In those days Caesar Augustus issued a decree that a census should be taken of the entire Roman world. (This was the first census that took place while Quirinius was governor of Syria.)

Today’s post is not meant to ridicule traditional Christian beliefs; it is to help reconcile followers of Christ, whether believers of the supernatural or not.

Do you think all Christians need to believe literally in the virgin birth? Can you fellowship with nonbelievers? I’d like to give one of many examples why liberal Christians and Jesus scholars have a hard time believing in the virgin birth, so that believers can begin to understand the complications nonbelievers struggle with.

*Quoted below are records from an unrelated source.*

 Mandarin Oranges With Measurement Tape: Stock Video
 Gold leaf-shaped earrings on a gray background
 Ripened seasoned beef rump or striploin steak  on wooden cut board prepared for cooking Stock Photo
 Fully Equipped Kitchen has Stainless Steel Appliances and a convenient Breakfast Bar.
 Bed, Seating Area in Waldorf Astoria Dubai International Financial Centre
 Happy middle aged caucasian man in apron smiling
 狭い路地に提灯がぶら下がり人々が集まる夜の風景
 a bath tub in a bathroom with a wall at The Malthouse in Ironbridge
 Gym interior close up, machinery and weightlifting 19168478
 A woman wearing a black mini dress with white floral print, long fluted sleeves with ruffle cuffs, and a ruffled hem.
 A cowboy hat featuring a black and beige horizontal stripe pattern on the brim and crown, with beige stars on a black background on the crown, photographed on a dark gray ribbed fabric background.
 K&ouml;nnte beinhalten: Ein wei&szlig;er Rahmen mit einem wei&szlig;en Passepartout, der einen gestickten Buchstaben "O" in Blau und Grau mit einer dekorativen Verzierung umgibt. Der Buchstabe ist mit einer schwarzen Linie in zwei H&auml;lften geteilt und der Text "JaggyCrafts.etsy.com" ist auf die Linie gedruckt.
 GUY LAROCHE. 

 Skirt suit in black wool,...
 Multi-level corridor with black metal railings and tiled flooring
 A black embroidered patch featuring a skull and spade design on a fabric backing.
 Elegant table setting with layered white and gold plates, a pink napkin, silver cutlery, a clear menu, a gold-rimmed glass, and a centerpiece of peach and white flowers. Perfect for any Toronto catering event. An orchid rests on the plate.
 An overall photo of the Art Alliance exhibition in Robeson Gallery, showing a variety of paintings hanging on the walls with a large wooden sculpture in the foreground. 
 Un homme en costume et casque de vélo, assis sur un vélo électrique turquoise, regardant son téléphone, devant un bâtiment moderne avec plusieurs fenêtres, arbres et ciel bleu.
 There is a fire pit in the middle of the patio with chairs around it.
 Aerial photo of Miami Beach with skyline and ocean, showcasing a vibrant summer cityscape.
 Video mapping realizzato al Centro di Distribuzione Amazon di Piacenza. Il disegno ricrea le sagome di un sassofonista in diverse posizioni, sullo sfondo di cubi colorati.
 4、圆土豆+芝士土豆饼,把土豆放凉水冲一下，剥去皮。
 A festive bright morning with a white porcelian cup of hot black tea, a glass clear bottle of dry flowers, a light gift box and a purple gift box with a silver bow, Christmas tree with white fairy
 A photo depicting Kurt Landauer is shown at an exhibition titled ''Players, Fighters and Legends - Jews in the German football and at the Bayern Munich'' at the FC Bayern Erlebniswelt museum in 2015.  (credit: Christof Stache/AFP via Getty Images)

Note that many early Christians didn’t believe in the virgin birth either. The early Jerusalem church (the Ebionite sect), headed by James, brother of Jesus, did not. Paul writes only that Jesus was “born of a woman, born under the law” and that he descended from David “according to the flesh,” while Mark portrays Jesus as estranged from his family, disowning mother and brothers, hardly an endorsement for the idea of Mary being informed by an angel of Jesus’s divinity. John insists that Jesus was never born, but existed before the creation. Only Matthew and Luke tell a story of Jesus’ birth, and these two stories contradict each other quite radically.

I present today’s verse as just one example. In Matthew’s rendition, Joseph and Mary flee Herod, who died in 4 BC. In Luke’s story, Joseph and Mary come to Bethlehem for a census overseen by governor Quirinius … but Quirinius did not govern before 6 AD. So, was Jesus born before 4 BC or after 6 AD?

This and other examples convince many that the birth narratives were written to honor Jesus in story, not to relate historical facts. You must decide for yourself; are one or both of the birth stories true or not? But I hope that, whatever you decide, it will not cause you to criticize those Christians who decide otherwise. May we all have a merry Christmas as brethren!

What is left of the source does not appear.